Directions:
Could you repeat every line below exactly, skipping the images?

Dataset excerpt:

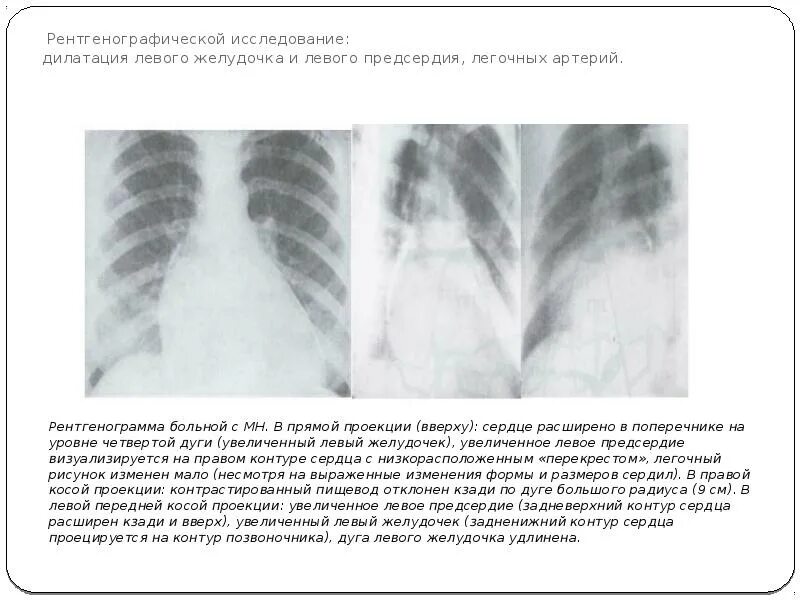 Дилатация правых отделов. Гипертрофия левого желудочка рентген. Гипертрофия левого предсердия рентген. Гипертрофия левого желудочка на рентгенограмме. Увеличение правого предсердия на рентгенограмме.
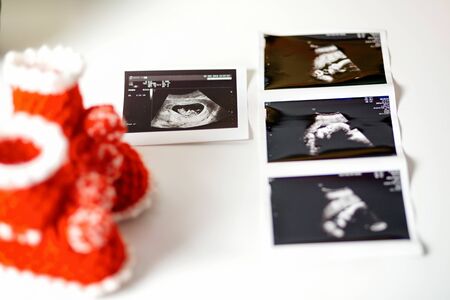 Booties and an ultrasound image on a white background, close-up. Concept of family planning and...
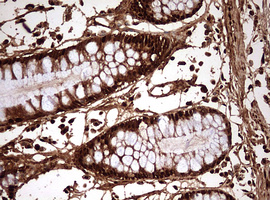 GAPDH Antibody - IHC of paraffin-embedded Human colon tissue using anti-GAPDH mouse monoclonal antibody. (Heat-induced epitope retrieval by 10mM citric buffer, pH6.0, 120°C for 3min).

Finished task:
 Дилатация правых отделов. Гипертрофия левого желудочка рентген. Гипертрофия левого предсердия рентген. Гипертрофия левого желудочка на рентгенограмме. Увеличение правого предсердия на рентгенограмме.
 Booties and an ultrasound image on a white background, close-up. Concept of family planning and...
 GAPDH Antibody - IHC of paraffin-embedded Human colon tissue using anti-GAPDH mouse monoclonal antibody. (Heat-induced epitope retrieval by 10mM citric buffer, pH6.0, 120°C for 3min).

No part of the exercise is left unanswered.